Below we examine most common mistakes in scorecard development, and explain how to use them for most precise borrower rating and segmentation.
Scorecards provide a set of weights assigned to characteristics that demonstrate customer’s credit worthiness. With scorecards, customers are evaluated and rated according to their potential probability.
You can automatically make profitable decisions once customers are evaluated and scored: approve the loan application, define optimal pricing, take advantage of the up-sell opportunitites etc.
I'd recommend reading
The Very Basics of Scorecards by Brendan Le Grange in his
Credit Risk Strategy Blog, if you're new to the subject: this is a clear and elegant article on the subject.
Mistakes in scorecard development can be made in each of the following stages – data sampling, statistical evaluation of borrowers’ characteristics, formation of training and validation datasets.
1. Data sampling. Inaccuracies during data sampling are caused by selecting data samples that are not responding to the requirement of representativeness and randomness.

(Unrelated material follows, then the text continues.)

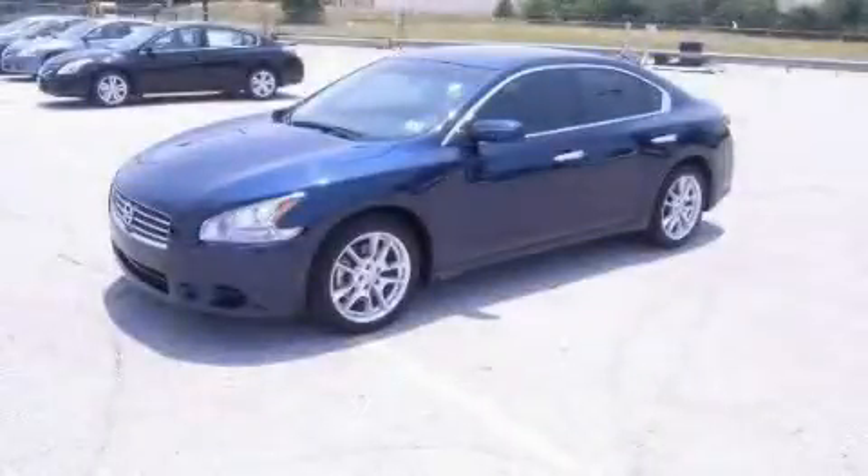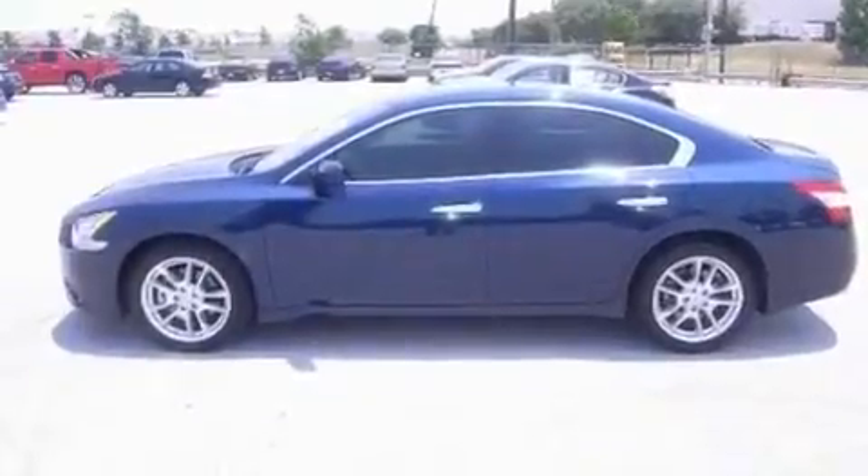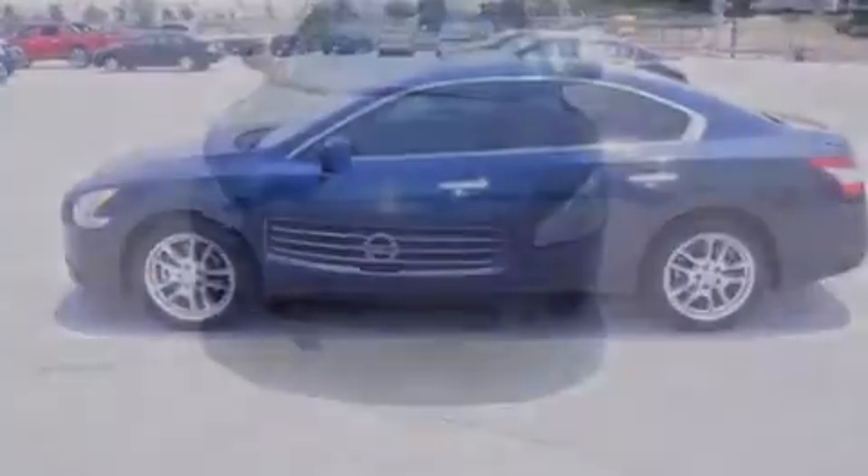This is a certified pre-owned 2010 Nissan Maxima. It has a 3.5-liter six-cylinder engine and an automatic transmission.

Representativeness means the maximum proximity of the data indicators in the sample to the actual borrower's characteristics in the loan portfolio. This requirement is natural and understandable, because the scorecard is expected to reflect specifics of
the dataset used for its development.
Randomness implies that loan application data should be included in the working sample independently.
There are two ways to prevent sampling mistakes – either by directly controlling data sampling procedures, or by evaluating the borrower’s statistical characteristics.
2. Statistical evaluation of borrowers’ characteristics. When evaluating borrower’s statistical characteristics you should pay attention to those indicators that are unnaturally distributed. For instance:
- Indicators that characterize one prevailing borrower category;
- Characteristics pointing to an obvious gap between selected groups of borrowers and actual characteristics presented in the credit portfolio.
Once you have discovered unequally or unnaturally distributed characteristics, you should change or adjust the procedure of forming the working sample and set different rules for assigning values to each characteristic.
3. Selection of training and validation datasets. The main criteria for selecting a training data sample says: training data should provide enough examples of profitable and delinquent loans.
As a rule, a training dataset comprised of 3500-4000 records is enough to successfully train a scorecard; provided that this dataset offers a 3:1 proportion of “good” and “bad” loan cases. It is possible to train a scorecard with fewer records, but you should
keep the 3:1 proportion of the loan case profitability.
This way, data mining techniques can be applied to improve borrower rating and segmentation in automated loan application processing. In upcoming articles, we will show more ways to apply data mining for decision automation.